(Records to process begins)
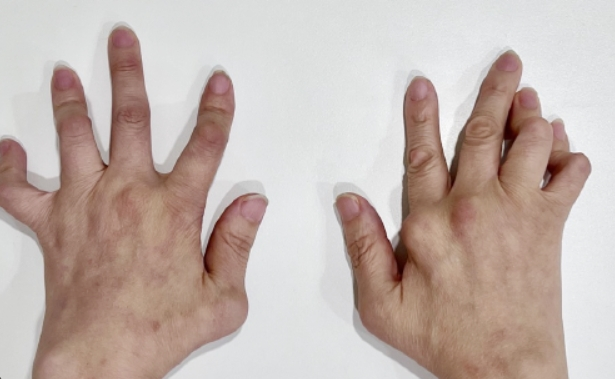 60대 관절염 예방하는 확실한 방법 - 무릎 건강 지키는 생활 습관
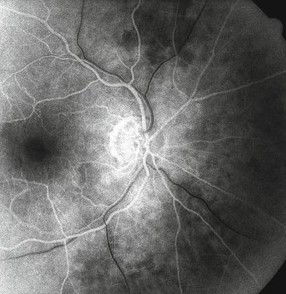 Amaurosis fugax: fluorescein angiogram of the optic disc and retinal vessels used to assess retinal perfusion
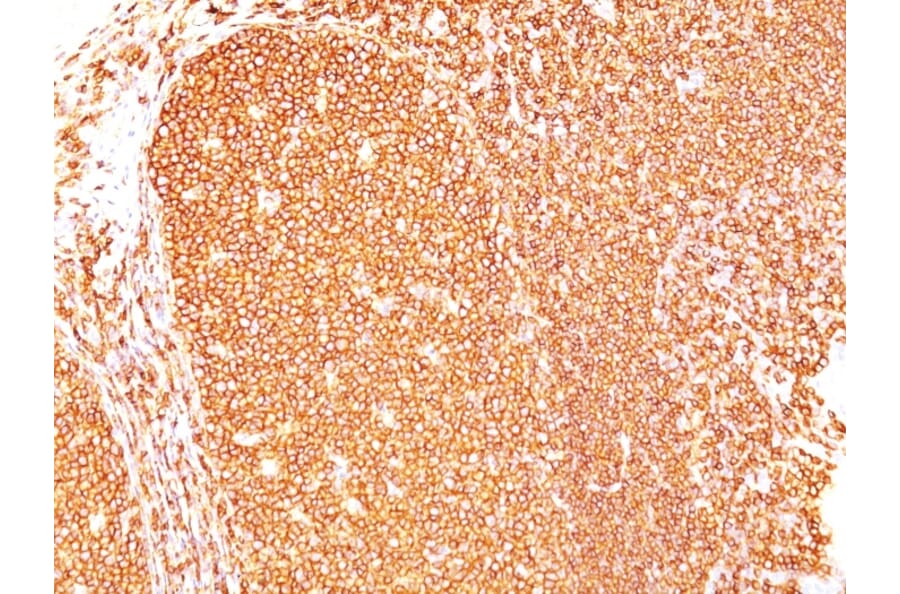 Immunohistochemistry - Anti-CD45 Antibody [Bra55] - BSA and Azide free (A252962) - Antibodies.com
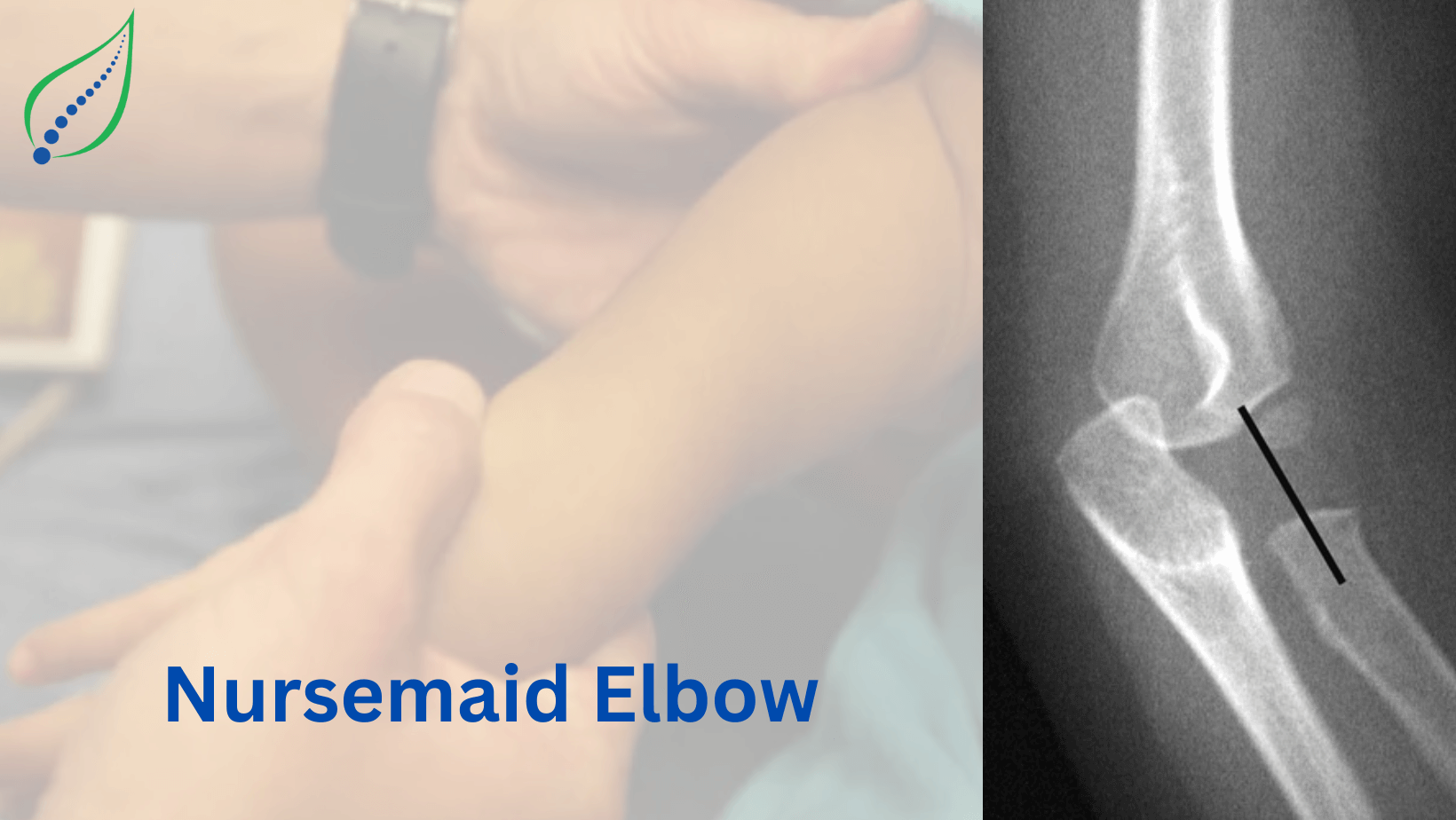 Nursemaid Elbow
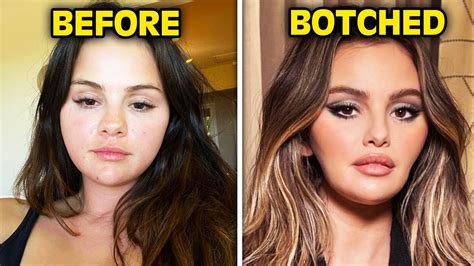 buccal fat removal celebrity|17 Celebrities Who Have Had Buccal Fat Removal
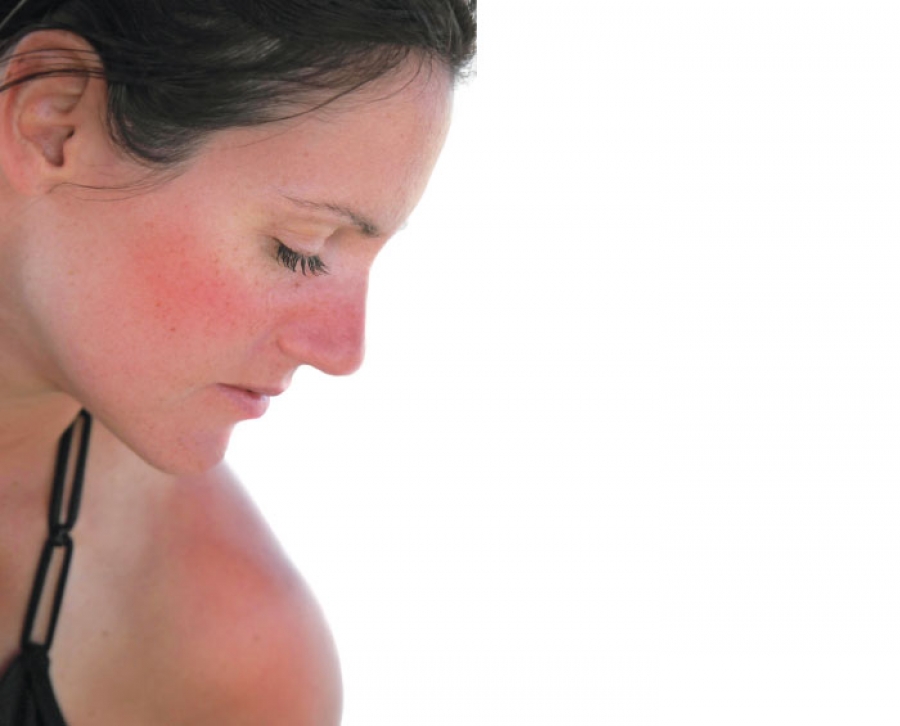 Soothing Sunburns with an Integrative Approach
(Records to process ends)
■ Work task ■
Copy out every entry exactly as written, but not the pictures.

■ Result of this exercise ■
 60대 관절염 예방하는 확실한 방법 - 무릎 건강 지키는 생활 습관
 Amaurosis fugax: fluorescein angiogram of the optic disc and retinal vessels used to assess retinal perfusion
 Immunohistochemistry - Anti-CD45 Antibody [Bra55] - BSA and Azide free (A252962) - Antibodies.com
 Nursemaid Elbow
 buccal fat removal celebrity|17 Celebrities Who Have Had Buccal Fat Removal
 Soothing Sunburns with an Integrative Approach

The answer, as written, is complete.